╭─ Provided entries

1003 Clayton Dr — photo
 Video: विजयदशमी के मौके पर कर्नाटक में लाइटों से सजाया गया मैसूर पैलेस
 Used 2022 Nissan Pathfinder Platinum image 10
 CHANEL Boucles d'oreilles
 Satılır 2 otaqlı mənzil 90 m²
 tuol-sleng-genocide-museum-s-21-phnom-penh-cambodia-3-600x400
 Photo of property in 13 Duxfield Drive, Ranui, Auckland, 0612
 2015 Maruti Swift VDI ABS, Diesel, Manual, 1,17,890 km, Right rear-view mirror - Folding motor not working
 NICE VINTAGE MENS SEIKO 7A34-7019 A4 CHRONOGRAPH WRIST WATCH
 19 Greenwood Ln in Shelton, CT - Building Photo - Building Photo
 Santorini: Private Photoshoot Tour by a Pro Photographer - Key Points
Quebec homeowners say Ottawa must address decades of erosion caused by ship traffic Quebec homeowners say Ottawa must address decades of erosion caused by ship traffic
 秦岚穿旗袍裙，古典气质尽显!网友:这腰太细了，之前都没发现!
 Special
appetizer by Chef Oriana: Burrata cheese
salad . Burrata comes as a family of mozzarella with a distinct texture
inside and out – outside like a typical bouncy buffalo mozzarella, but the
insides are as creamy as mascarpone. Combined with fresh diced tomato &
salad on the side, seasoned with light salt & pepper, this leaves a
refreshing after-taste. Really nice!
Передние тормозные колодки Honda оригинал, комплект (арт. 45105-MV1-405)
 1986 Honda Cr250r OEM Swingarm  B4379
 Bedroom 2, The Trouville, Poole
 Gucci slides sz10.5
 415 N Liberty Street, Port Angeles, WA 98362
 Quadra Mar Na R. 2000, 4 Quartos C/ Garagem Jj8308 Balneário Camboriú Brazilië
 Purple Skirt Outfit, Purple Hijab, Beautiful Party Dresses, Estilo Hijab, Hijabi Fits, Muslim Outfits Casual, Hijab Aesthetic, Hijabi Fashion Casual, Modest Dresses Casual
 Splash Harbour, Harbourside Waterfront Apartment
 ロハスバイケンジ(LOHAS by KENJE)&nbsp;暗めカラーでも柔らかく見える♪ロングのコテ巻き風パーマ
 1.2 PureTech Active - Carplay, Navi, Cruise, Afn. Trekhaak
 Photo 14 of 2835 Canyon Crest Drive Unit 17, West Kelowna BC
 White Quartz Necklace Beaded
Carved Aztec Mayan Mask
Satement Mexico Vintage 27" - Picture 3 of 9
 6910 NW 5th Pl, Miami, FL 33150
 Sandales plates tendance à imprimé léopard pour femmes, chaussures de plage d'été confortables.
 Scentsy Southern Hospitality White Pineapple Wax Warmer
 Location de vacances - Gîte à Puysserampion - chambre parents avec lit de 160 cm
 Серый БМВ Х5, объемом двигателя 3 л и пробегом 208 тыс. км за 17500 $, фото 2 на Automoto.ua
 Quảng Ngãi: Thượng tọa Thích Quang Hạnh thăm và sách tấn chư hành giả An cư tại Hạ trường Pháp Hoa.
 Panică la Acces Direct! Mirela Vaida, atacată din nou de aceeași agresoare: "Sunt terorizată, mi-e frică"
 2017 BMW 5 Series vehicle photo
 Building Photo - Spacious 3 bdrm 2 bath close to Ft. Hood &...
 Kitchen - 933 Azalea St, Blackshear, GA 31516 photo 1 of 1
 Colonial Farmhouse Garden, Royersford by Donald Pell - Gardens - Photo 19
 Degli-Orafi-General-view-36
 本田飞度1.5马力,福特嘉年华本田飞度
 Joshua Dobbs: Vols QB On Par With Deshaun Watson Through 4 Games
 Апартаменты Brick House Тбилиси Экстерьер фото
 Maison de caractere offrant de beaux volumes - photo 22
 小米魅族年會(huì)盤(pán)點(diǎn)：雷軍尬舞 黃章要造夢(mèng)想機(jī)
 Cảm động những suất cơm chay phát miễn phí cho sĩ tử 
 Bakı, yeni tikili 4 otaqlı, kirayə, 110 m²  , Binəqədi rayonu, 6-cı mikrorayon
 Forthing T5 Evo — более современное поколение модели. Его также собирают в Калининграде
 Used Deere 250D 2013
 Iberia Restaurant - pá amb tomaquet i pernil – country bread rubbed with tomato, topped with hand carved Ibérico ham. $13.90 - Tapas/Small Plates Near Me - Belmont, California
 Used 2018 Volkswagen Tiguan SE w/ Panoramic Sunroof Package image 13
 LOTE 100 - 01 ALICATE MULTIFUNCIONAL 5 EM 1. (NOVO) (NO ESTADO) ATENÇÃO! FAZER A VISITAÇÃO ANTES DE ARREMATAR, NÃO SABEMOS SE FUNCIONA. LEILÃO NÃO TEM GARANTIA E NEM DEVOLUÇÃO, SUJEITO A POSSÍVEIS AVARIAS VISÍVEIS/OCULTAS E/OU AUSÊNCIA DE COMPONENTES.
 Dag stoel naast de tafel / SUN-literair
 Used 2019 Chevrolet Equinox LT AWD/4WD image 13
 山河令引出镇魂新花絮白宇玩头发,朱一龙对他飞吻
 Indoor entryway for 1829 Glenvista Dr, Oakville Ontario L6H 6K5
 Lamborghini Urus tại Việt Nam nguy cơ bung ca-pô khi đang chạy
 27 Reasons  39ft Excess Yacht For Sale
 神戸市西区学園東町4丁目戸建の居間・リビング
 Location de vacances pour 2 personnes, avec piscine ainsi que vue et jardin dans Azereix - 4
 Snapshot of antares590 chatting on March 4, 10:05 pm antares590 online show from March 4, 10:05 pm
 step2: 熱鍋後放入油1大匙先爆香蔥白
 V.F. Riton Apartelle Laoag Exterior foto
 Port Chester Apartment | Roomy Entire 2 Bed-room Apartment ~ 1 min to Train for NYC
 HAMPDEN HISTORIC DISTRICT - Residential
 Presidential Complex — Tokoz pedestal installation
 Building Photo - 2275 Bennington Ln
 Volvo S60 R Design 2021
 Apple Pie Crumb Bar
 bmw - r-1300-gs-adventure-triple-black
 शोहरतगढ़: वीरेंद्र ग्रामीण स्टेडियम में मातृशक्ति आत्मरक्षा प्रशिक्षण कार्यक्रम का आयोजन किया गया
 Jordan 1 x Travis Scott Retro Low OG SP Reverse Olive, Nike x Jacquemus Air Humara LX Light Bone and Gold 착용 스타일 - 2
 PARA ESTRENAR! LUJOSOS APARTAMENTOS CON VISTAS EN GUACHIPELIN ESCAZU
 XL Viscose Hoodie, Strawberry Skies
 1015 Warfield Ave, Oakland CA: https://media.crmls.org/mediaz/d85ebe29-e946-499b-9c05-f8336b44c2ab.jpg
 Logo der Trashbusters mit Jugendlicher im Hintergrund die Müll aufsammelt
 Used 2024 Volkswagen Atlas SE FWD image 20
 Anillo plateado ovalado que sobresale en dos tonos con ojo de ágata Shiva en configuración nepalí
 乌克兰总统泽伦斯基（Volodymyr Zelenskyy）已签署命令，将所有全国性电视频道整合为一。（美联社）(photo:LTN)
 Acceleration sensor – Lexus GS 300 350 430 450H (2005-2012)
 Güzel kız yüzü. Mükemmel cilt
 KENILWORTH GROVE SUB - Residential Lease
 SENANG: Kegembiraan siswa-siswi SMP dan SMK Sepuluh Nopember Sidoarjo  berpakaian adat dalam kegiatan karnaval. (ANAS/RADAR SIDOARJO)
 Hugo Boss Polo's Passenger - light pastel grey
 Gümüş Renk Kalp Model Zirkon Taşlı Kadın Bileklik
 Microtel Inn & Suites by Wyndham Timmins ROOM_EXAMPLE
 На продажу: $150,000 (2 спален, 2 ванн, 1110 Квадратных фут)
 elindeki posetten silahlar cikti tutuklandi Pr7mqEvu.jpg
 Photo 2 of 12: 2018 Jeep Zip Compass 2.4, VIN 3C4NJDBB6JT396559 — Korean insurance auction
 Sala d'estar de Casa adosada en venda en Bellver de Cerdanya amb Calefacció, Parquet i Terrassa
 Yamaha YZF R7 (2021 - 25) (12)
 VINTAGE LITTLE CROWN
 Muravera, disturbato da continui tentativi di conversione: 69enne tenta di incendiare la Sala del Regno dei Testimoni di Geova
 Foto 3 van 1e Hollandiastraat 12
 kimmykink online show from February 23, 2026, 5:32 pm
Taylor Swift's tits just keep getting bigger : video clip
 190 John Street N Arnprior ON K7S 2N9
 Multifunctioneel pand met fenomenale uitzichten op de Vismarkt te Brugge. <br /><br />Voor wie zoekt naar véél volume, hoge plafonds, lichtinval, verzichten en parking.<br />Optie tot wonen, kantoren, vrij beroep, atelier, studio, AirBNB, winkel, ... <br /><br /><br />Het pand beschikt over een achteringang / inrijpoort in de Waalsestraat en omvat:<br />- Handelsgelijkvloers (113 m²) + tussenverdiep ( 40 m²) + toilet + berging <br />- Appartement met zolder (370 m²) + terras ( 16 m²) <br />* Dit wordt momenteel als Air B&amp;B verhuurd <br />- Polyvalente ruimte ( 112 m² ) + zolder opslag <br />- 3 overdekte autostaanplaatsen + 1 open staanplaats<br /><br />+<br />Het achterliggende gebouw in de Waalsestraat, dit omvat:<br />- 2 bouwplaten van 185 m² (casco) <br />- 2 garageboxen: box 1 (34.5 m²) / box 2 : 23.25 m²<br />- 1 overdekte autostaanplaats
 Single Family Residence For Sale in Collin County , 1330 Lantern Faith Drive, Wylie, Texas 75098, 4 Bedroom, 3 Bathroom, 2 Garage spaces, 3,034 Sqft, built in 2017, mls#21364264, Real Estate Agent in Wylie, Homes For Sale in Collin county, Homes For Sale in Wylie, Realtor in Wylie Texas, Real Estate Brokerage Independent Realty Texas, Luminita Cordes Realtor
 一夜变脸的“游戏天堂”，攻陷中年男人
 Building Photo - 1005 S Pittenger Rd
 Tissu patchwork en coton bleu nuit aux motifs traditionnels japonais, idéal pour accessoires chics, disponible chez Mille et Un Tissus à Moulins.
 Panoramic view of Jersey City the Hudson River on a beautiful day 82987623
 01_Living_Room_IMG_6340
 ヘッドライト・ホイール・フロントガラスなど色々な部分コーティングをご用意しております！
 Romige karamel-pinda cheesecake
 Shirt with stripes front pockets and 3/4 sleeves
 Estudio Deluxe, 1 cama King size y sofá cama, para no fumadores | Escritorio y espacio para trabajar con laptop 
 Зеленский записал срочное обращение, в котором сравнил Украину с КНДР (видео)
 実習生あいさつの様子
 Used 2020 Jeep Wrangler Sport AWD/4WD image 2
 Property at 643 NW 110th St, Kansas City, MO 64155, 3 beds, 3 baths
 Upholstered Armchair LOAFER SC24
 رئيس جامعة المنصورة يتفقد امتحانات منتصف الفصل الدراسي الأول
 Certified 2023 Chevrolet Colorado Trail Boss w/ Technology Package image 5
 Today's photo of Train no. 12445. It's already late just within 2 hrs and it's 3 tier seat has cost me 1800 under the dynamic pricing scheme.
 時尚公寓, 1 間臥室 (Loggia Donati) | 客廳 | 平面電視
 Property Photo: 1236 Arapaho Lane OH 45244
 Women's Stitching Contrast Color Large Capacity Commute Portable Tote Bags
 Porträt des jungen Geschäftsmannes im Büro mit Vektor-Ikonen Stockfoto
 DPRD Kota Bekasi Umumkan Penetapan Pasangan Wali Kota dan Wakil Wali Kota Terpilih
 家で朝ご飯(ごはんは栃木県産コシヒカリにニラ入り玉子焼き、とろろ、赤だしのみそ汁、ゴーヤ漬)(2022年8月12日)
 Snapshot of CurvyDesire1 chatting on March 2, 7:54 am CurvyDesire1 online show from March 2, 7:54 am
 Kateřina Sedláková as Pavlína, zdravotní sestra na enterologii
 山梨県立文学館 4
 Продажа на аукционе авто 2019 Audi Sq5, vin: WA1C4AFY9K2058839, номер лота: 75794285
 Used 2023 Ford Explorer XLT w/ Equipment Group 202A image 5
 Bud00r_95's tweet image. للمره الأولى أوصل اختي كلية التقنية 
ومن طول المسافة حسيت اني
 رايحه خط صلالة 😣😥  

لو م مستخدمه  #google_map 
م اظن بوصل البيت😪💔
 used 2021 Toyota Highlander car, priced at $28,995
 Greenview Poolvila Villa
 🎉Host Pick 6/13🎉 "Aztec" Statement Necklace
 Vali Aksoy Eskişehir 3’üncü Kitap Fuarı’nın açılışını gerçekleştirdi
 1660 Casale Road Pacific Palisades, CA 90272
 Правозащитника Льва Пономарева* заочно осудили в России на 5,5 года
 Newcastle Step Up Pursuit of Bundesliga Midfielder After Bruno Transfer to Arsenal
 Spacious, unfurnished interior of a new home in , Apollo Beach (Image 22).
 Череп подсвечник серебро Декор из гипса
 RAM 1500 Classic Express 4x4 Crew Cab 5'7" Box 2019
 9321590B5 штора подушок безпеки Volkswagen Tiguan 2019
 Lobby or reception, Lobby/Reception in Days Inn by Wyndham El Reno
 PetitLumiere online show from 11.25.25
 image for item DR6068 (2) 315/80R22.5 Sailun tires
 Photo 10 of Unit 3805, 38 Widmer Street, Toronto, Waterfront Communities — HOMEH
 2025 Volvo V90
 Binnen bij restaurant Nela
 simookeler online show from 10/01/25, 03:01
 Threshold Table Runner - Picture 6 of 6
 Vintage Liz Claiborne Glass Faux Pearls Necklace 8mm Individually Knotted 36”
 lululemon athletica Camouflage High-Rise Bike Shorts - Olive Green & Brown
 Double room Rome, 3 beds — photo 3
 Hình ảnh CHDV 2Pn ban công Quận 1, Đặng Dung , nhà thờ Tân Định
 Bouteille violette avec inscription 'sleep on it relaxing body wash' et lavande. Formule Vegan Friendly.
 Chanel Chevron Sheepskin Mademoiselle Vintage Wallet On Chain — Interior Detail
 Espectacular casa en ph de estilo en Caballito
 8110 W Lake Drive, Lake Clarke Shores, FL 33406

╰─

> **Task details**:
Among the lines of the entries above, count those containing the string "Apartment". Write the number alone.

> **Output of the exercise**:
2